Information supplied.
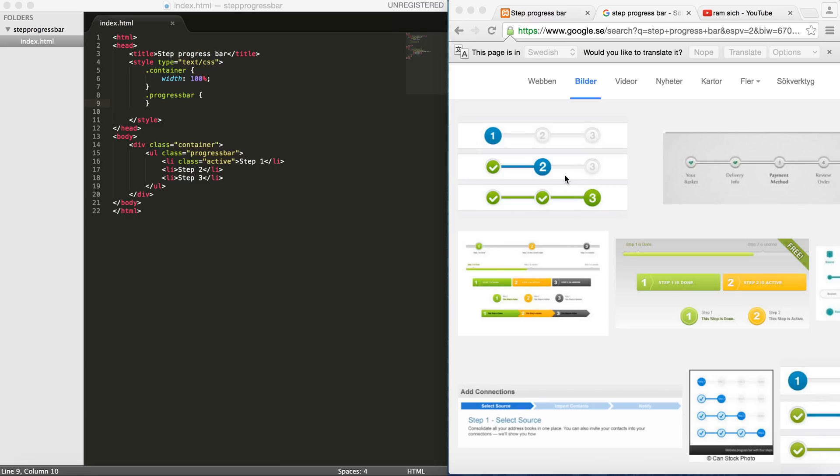Hello everyone, in this tutorial I'm going to show you how to create a step progress bar in CSS.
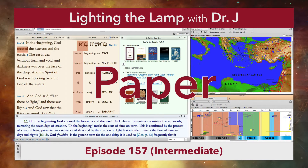Paper. This podcast is at the intermediate level. It requires some knowledge of Accordance Bible software, but no knowledge of Hebrew or Greek.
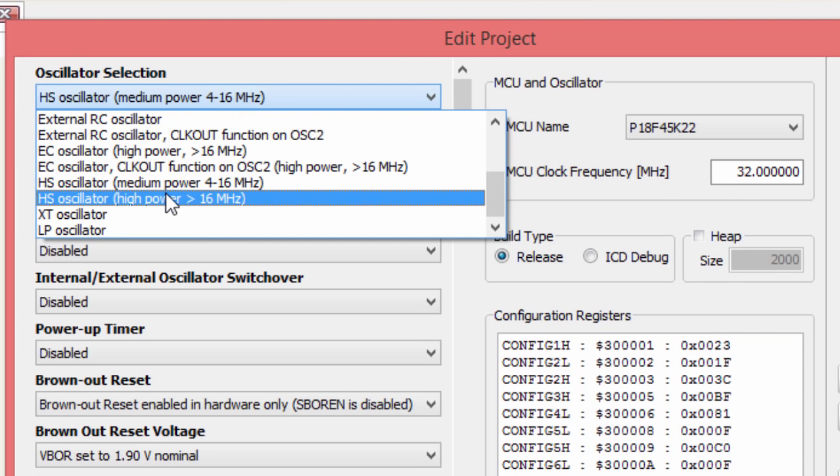The Library Manager is also very important. It shows you all the libraries installed in the compiler — there are plenty of them. We've got the ADC library, CMath, I2C, Keypad, RS485, SPI, SPI Ethernet, and many more. If you want to use a specific library, just tick the checkbox next to its name. If you don't want to use it, simply untick it.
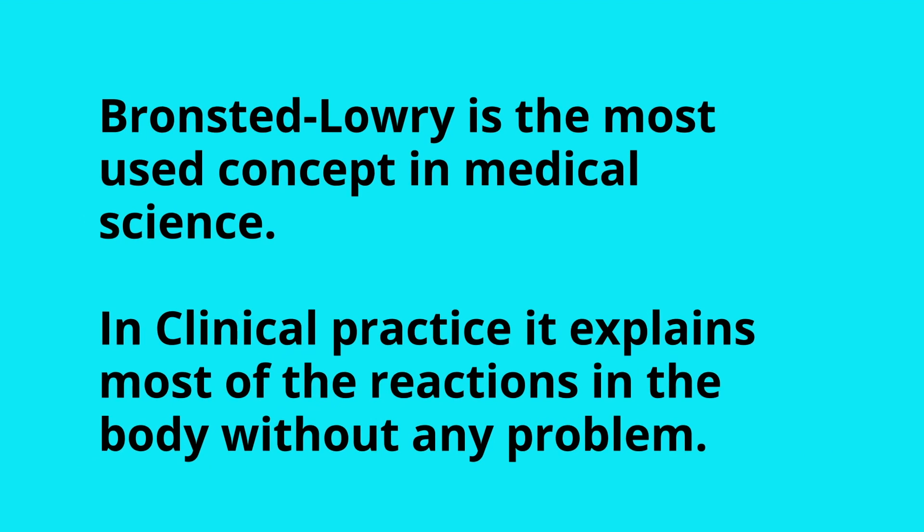Bronsted-Lowry is the most used concept in medical science. In clinical practice, it explains most of the reactions in the body without any problems. So we focus primarily on the H plus ion which is being donated, and this is the definition of acid that we use in medical practice.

To do.
Please copy the lines above, starting at the one that holds "Paper. This podcast" and stopping after the last line, exactly as they appear and minus the pictures.

Solution to this task.
Paper. This podcast is at the intermediate level. It requires some knowledge of Accordance Bible software, but no knowledge of Hebrew or Greek.
The Library Manager is also very important. It shows you all the libraries installed in the compiler — there are plenty of them. We've got the ADC library, CMath, I2C, Keypad, RS485, SPI, SPI Ethernet, and many more. If you want to use a specific library, just tick the checkbox next to its name. If you don't want to use it, simply untick it.
Bronsted-Lowry is the most used concept in medical science. In clinical practice, it explains most of the reactions in the body without any problems. So we focus primarily on the H plus ion which is being donated, and this is the definition of acid that we use in medical practice.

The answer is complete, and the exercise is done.